Saturday, February 04, 2006

What do I want?

This is a simple question, but one very difficult to answer.

Do you want fries with that?

What do I want? When I wrote that poem (below), I was a 20-something undergrad in the midwest, struggling to pay my bills, and support myself through college. In fact, I conceived the poem, and drafted it in my head while mowing grass for income.

What did I want then? I wanted self-awareness. I wanted financial freedom. I wanted to live in a world free from prejudice. Three simple things.

Today (though it is an ongoing process) I believe I have a degree of self-awareness. I am mostly financially solvent. If we ever sell this house, the first thing we will do with the proceeds is pay off all of our student loans. That is the last remaining debt my wife and I have. We own our car. We own our van. The mortgage on our house will be paid off once it sells. We own our books (many, many books, filling a 4'x7' and two 3.5'x6' cases, plus overflow). Finally achieving that complete freedom will be a time for much celebration.

I realize, on the last count (a world free from prejudice) that sadly, unlike the first two, this rests in wanting things of the outside world, on which I have but a small influence. But I can live my life without prejudice, and I can confront it when I encounter it.

So, I know what I wanted at 25. But what do I want at 38 that perhaps I could not have foreseen then? First, I have realized the importance of knowing the difference between what I want, and what I need. There are few things in life that we truly need. At the moment, none of them are denied me. But what do I want?

...

Perhaps I'll start with the easier question: what don't I want?

I don't want to give up my search for a faculty post.

I don't want to become my father. He had great potential, that was never fully realized. He saw in me the fulfillment of one aspect of himself. I wish he had lived to see me complete the dissertation. But that, alas, is the past.

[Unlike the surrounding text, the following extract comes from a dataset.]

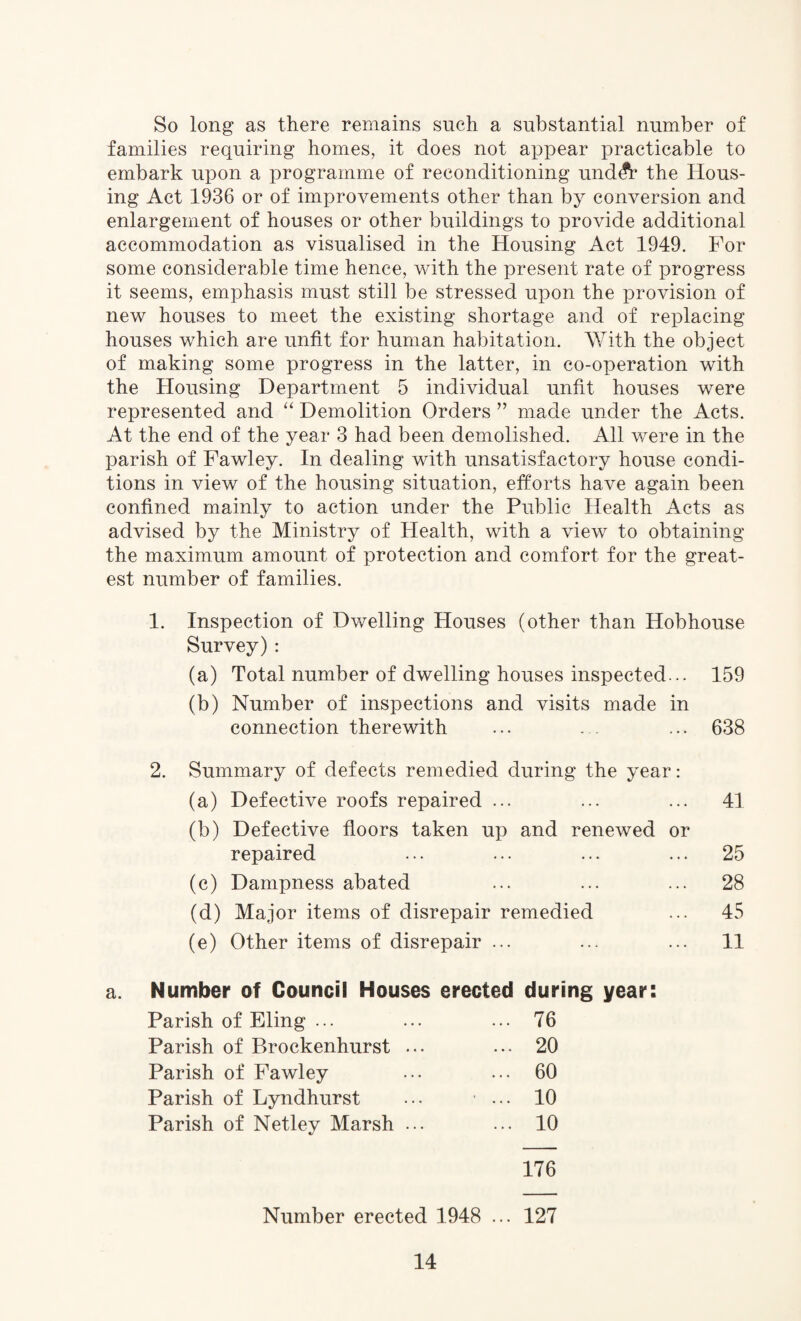 So long as there remains such a substantial number of families requiring homes, it does not appear practicable to embark upon a programme of reconditioning und$r the Hous¬ ing Act 1936 or of improvements other than by conversion and enlargement of houses or other buildings to provide additional accommodation as visualised in the Housing Act 1949. For some considerable time hence, with the present rate of progress it seems, emphasis must still be stressed upon the provision of new houses to meet the existing shortage and of replacing houses which are unfit for human habitation. With the object of making some progress in the latter, in co-operation with the Housing Department 5 individual unfit houses were represented and “ Demolition Orders ” made under the Acts. At the end of the year 3 had been demolished. All were in the parish of Fawley. In dealing with unsatisfactory house condi¬ tions in view of the housing situation, efforts have again been confined mainly to action under the Public Health Acts as advised by the Ministry of Health, with a view to obtaining the maximum amount of protection and comfort for the great¬ est number of families. 1. Inspection of Dwelling Houses (other than Hobhouse Survey): (a) Total number of dwelling houses inspected... 159 (b) Number of inspections and visits made in connection therewith ... . . ... 638 2. Summary of defects remedied during the year: (a) Defective roofs repaired ... ... ... 41 (b) Defective floors taken up and renewed or repaired ... ... ... ... 25 (c) Dampness abated ... ... ... 28 (d) Major items of disrepair remedied ... 45 (e) Other items of disrepair ... ... ... 11 a. Number of Council Houses erected during year: Parish of Eling ... ... ... 76 Parish of Brockenhurst ... ... 20 Parish of Fawley ... ... 60 Parish of Lyndhurst ... ... 10 Parish of Netley Marsh ... ... 10 176 Number erected 1948 ... 127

I don't want bitterness, dissatisfaction, and frustration to rule my life.

I want delight in my family life. I want to watch my children grow. I want to hold my wife in my arms twenty years from now and lovingly look into her eyes with joy and amazement that we are still together and still in love.

I want
to find satisfaction in my professional life, a modicum of recognition that what I do is worthy. I want to see the eurekas in my students' eyes as something I say fires off neurons in conjunction which have never before met in their brains, and join them excitedly after a lecture, as they breathlessly and incoherently exclaim what they will spend the next 30 years pursuing.

I want to publish books about my research that inspire others, both academics and the general intellectual public. I want to be invited to give talks, and be interviewed on the radio.

I want to become truly fluent in the seven languages I've studied (okay, English I've already mastered), and learn another seven more.

I want to travel and see parts of the world I haven't seen. I want to walk arm in arm with my wife, and hold my children as we see polar bears in Alaska; the midnight sun in Finland; Mango trees in the Phillipines; Komodo Dragons in Indonesia; Rainforests in Brazil; Hominid fossils in Kenya.

I want to never fully retire from research and teaching, and living life. But I want to sail in exotic seas, and feel at one with the wind, and the waters, and the sky. I want to garden in my old age, and never feel old, eating ripe tomatoes fresh from the vine, with the warm ooze dripping off my lips, and know that I have truly been a part of this world, and most of all that it is a better place for my having lived than the one I came into.

That is what I want!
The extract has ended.